(Stored data entries)

★ ★ ★ ★ ★ ★ ★

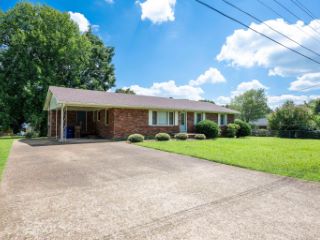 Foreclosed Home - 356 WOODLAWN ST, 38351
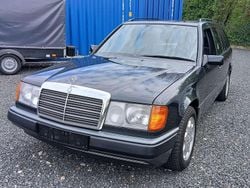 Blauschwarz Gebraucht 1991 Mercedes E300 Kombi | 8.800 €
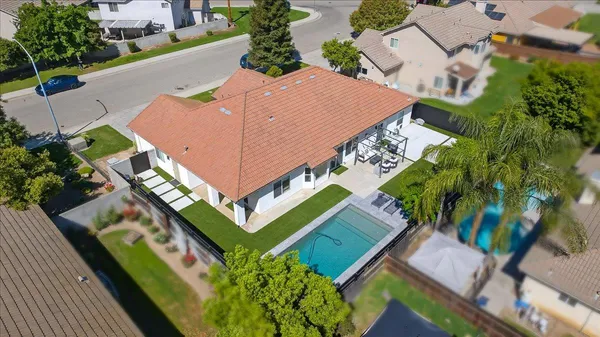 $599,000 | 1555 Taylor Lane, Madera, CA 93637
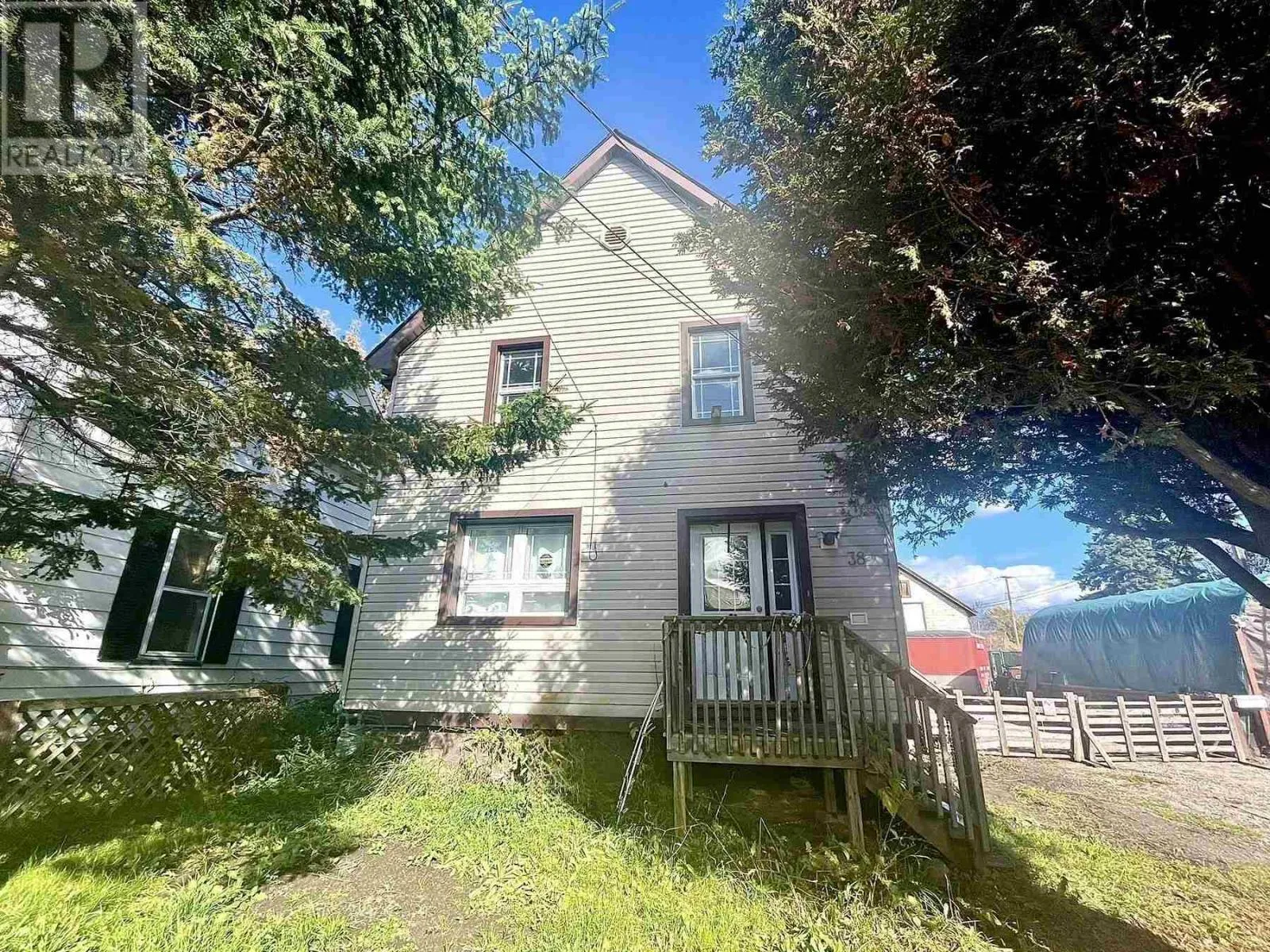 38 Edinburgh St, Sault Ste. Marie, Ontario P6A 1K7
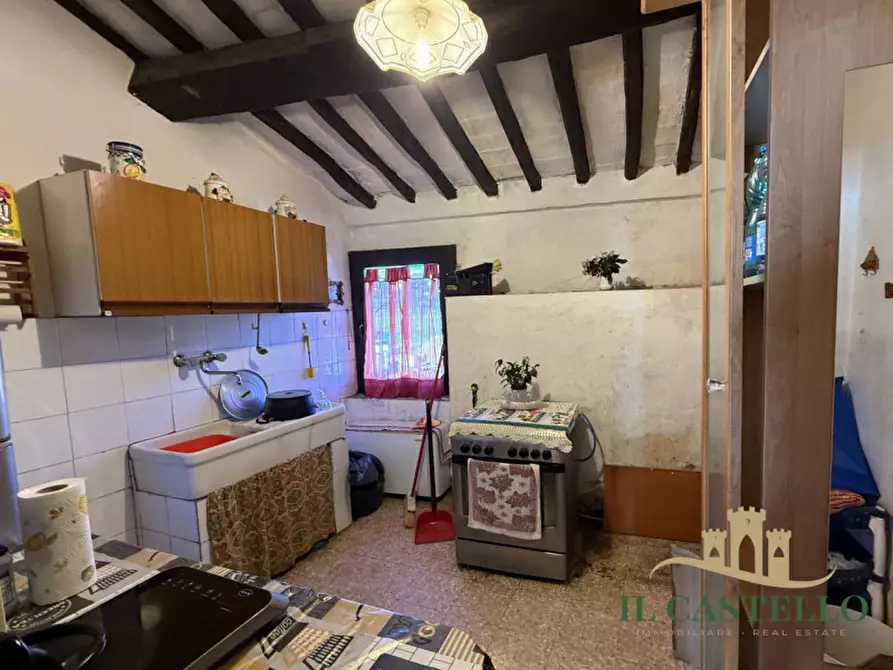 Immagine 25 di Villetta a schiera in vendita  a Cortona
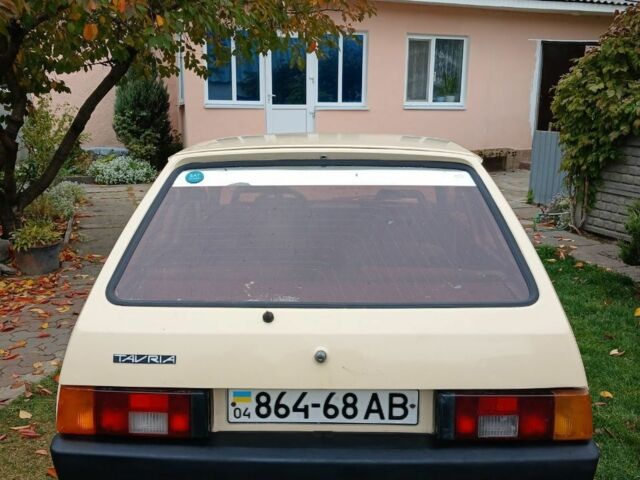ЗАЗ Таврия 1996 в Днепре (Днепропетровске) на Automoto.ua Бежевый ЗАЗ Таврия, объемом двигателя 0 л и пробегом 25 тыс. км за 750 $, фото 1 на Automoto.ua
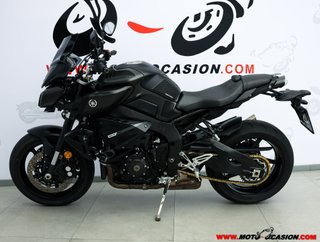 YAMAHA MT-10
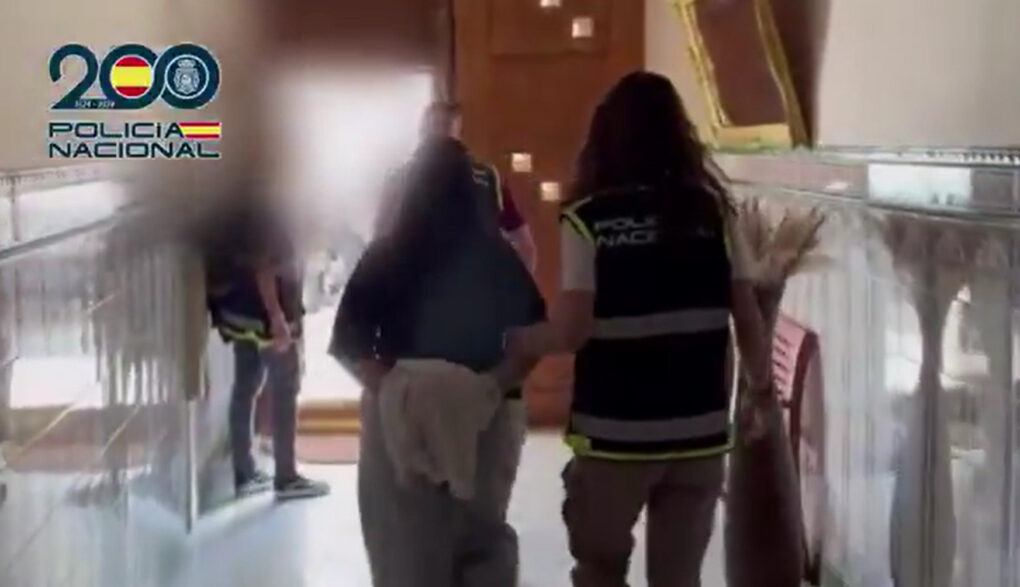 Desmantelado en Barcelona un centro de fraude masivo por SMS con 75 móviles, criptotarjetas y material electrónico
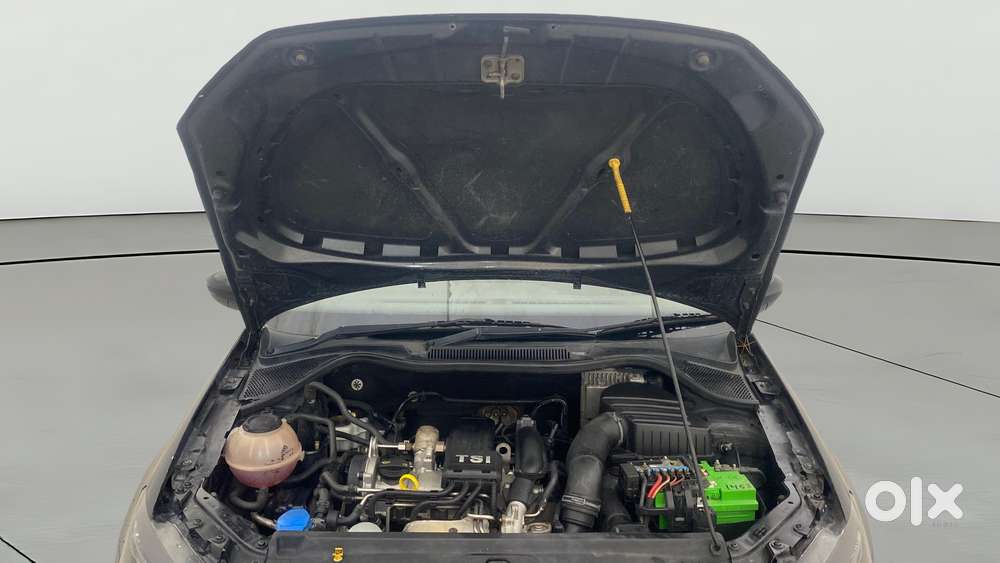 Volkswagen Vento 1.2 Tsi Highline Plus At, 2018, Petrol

★ ★ ★ ★ ★ ★ ★

Task goal
Each line of the data above needs to be retyped as it is, without any picture.

Answer space
 Foreclosed Home - 356 WOODLAWN ST, 38351
 Blauschwarz Gebraucht 1991 Mercedes E300 Kombi | 8.800 €
 $599,000 | 1555 Taylor Lane, Madera, CA 93637
 38 Edinburgh St, Sault Ste. Marie, Ontario P6A 1K7
 Immagine 25 di Villetta a schiera in vendita  a Cortona
ЗАЗ Таврия 1996 в Днепре (Днепропетровске) на Automoto.ua Бежевый ЗАЗ Таврия, объемом двигателя 0 л и пробегом 25 тыс. км за 750 $, фото 1 на Automoto.ua
 YAMAHA MT-10
 Desmantelado en Barcelona un centro de fraude masivo por SMS con 75 móviles, criptotarjetas y material electrónico
 Volkswagen Vento 1.2 Tsi Highline Plus At, 2018, Petrol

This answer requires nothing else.